Decided and Entered: October 4, 2018

[*1]In the Matter of ANTHONY LENO, Petitioner,


TINA M. STANFORD, as Chair of the Board of Parole, Respondent.

Calendar Date: August 6, 2018
Before: Garry, P.J., Lynch, Devine, Mulvey and Rumsey, JJ.

Anthony Leno, Malone, petitioner pro se.

Barbara D. Underwood, Attorney General, Albany (Joseph M. Spadola of counsel), for respondent.


Proceeding pursuant to CPLR article 78 (transferred to this court by order of the Supreme Court, entered in Albany County) to review a determination of the Board of Parole revoking petitioner's parole.

Petitioner, who was serving consecutive sentences following a 2009 conviction of rape in the second degree and a 2010 conviction of offering a false instrument for filing in the first degree, was released to parole supervision in November 2016. Later that month, petitioner was charged with various violations of the conditions of his release. On the day of petitioner's final revocation hearing, he sought an adjournment to retain private counsel and, when his request was denied, he stated his intention to leave the hearing. After being informed by the Administrative Law Judge (hereinafter ALJ) that the hearing would continue in his absence if he chose to leave, petitioner addressed the ALJ in a profane manner and refused to participate. Following the hearing, a number of the charges were sustained. As a result, petitioner's parole was revoked and he was ordered held until his maximum expiration date. That determination was affirmed on administrative appeal and this CPLR article 78 proceeding ensued.[FN1]

We confirm. Initially, petitioner has not demonstrated that he failed to receive meaningful representation during his final revocation hearing. A mere disagreement regarding strategy or tactics does not constitute ineffective assistance of counsel (see Matter of Ordmandy v Travis, 300 AD2d 713, 714 [2002]). Although petitioner informed the ALJ that he wished to [*2]retain private counsel because assigned counsel had not sought certain evidence that she believed was irrelevant to the proceeding, petitioner had not retained private counsel and failed to demonstrate that it was necessary to relieve assigned counsel on the basis of their disagreement. Notwithstanding counsel's statement that she was uncomfortable speaking on petitioner's behalf with respect to entering a plea, she expressed on the record that she understood her obligation to represent petitioner to the best of her ability at the hearing. After the ALJ entered a plea of not guilty on petitioner's behalf, counsel cross-examined witnesses, made objections and presented a closing argument.
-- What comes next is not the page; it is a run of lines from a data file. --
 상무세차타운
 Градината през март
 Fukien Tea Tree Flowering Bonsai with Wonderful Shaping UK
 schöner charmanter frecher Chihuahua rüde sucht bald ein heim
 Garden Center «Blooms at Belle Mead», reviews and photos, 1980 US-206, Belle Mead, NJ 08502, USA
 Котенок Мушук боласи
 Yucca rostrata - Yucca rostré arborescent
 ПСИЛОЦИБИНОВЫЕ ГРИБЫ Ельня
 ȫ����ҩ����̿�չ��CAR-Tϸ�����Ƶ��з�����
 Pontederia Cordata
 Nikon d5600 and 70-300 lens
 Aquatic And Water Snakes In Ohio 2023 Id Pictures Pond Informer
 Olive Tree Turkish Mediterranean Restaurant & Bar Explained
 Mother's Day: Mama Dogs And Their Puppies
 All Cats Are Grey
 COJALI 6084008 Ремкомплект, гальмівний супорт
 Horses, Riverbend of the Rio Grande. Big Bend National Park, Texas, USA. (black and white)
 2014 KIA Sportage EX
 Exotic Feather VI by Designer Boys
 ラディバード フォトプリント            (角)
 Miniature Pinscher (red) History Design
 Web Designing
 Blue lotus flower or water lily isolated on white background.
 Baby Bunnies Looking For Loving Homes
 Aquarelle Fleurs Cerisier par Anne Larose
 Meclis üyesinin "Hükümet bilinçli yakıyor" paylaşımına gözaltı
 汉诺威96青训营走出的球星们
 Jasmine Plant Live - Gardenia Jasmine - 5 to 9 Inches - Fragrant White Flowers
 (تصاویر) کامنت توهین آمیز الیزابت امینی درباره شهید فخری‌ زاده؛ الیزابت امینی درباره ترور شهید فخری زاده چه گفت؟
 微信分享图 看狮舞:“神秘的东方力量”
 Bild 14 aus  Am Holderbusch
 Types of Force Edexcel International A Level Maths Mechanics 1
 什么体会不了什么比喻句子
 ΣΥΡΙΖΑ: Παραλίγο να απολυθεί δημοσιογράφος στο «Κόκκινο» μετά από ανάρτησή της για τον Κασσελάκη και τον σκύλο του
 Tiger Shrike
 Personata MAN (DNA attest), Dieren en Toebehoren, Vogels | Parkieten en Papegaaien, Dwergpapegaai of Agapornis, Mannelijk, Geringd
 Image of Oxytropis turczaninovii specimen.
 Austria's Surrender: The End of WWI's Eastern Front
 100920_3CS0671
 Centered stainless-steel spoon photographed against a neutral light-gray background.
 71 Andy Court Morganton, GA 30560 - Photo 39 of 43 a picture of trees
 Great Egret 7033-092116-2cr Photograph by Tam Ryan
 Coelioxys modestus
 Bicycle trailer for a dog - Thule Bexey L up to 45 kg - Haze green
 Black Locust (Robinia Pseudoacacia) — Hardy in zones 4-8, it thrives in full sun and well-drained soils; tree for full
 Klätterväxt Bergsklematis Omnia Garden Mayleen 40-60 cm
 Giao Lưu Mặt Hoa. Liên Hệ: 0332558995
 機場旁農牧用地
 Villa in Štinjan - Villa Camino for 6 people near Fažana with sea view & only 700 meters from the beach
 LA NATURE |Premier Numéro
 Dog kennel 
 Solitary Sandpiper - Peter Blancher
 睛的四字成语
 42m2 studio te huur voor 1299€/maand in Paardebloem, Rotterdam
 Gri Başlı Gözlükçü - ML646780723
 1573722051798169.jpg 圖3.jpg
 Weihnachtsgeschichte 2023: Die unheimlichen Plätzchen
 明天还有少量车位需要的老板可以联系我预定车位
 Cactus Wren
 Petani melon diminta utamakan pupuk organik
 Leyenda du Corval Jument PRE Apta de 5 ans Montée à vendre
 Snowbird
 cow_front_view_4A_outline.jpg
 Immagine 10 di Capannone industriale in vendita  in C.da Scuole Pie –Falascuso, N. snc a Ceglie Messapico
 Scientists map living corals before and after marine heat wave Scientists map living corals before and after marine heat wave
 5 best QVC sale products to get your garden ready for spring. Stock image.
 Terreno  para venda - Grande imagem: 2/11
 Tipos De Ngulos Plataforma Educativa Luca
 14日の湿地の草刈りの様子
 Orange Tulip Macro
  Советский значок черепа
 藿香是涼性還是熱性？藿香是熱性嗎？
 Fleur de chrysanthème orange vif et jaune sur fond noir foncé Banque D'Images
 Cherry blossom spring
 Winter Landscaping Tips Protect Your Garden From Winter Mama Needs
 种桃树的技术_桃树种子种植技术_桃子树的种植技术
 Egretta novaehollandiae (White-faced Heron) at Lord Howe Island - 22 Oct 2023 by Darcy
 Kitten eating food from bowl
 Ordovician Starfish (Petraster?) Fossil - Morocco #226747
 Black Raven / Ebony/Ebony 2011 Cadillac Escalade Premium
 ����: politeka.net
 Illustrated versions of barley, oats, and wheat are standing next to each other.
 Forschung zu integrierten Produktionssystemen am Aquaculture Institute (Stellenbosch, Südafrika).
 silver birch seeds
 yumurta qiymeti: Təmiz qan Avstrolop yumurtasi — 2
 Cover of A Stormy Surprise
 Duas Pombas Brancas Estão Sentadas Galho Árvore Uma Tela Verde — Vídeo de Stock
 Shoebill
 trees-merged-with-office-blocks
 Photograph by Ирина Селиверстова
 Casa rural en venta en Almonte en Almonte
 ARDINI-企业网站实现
Accordingly, we find that petitioner was afforded the effective assistance of counsel (see Matter of Partee v Stanford, 159 AD3d 1294, 1295 [2018]).

To the extent that they are preserved for our review, we have examined petitioner's remaining contentions, including his claims that the decision to hold him until his maximum expiration date was unduly harsh and that the determination flowed from bias on the part of the ALJ, and found them to lack merit.

Garry, P.J., Lynch, Devine, Mulvey and Rumsey, JJ., concur.

ADJUDGED that the determination is confirmed, without costs, and petition dismissed.


Footnote 1: Petitioner has abandoned any substantial evidence challenge by failing to raise it in his brief on appeal (see Matter of McMaster v Rodriguez, 159 AD3d 1173, 1174 [2018]).